De divisione philosophiae

aus Wikipedia, der freien Enzyklopädie
Zur Navigation springen Zur Suche springen

De divisione philosophiae (Über die Einteilung der Philosophie) ist eine Wissenschaftssystematik, die der Archidiakon Dominicus Gundissalinus nach seiner Niederlassung in Toledo 1140 in mittellateinischer Sprache erstellte. Im Prolog spricht sich Gundissalinus über die Absichten seines Werkes aus: Er will die Philosophie bzw. die Wissenschaft strukturieren und ihre Einzelteile darstellen. Der Autor verbindet eine intensive Kenntnis der antiken griechischen und lateinischen Naturphilosophen, die er während seiner Ausbildung in der Francia erwerben konnte, mit dem Studium der arabischen Kultur und Schriften, das ihm im Raum Toledo möglich war. Dadurch ist ein Text entstanden, der verschiedene Kultureinflüsse widerspiegelt und verbindet.

Aufbau und Quellen[Bearbeiten | Quelltext bearbeiten]

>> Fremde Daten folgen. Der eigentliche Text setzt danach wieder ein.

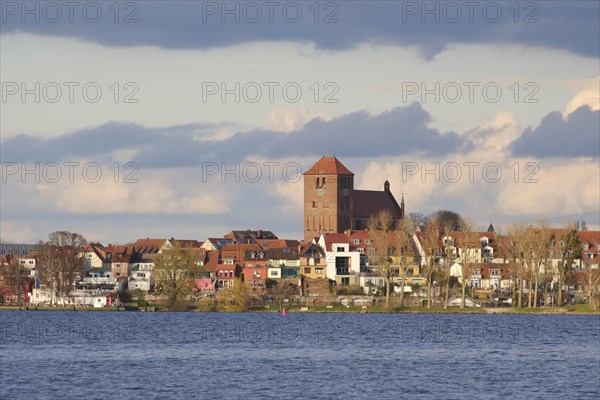 Town view Waren with church St. Georgen, Mueritzsee, Waren, Mueritz, Mecklenburg Lake District, Mecklenburg, Mecklenburg-Vorpommern, Germany, Europe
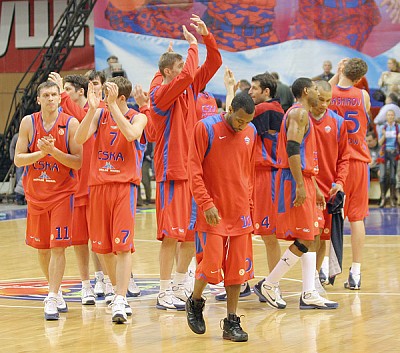 CSKA sanks for fans (photo Y. Kuzmin)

Gundissalinus teilt im Prolog die Philosophie ein in theoretisch und praktisch (theorica et practica) (Prolog 12). Die theoretische Philosophie gliedert er in Naturwissenschaften, Mathematik und Theologie bzw. Metaphysik (Prolog, 14). Die praktische Wissenschaft hingegen beschäftigt sich mit dem Umgang mit allen Menschen (Grammatik, Poetik, Rhetorik, Rechtswissenschaft), der Einrichtung des Hauses und der eigenen Lebensweise (Ethik, Moral) (Prolog, 16). Hierbei bezieht sich der Autor hauptsächlich auf den römischen Gelehrten Anicius Manlius Severinus Boethius,[1] aber auch auf Aristoteles und die Philosophen Avicenna und al-Ghazālī aus dem arabischen Kulturraum.[2] Auch bei al-Fārābī findet sich eine ähnliche, wenn auch leicht abweichende Einteilung.[3]

Die Hauptquelle der dem Prolog folgenden Kapitel ist das Werk Über die Wissenschaften des arabischen Philosophen al-Fārābī. Gundissalinus hat diese Schrift ins Lateinischen übersetzt und übernimmt nun mehrfach längere Textstücke.[4][5] Auch aus Isidors von Sevilla Etymologiae finden sich zahlreiche Zitate.[6]

Inhalt[Bearbeiten | Quelltext bearbeiten]

Wichtige und interessante Kapitel sind:

  • Die Naturwissenschaften (scientia naturalis)
  • Über die göttliche Wissenschaft (de scientia divina)
  • Über die Poetik (de poetica)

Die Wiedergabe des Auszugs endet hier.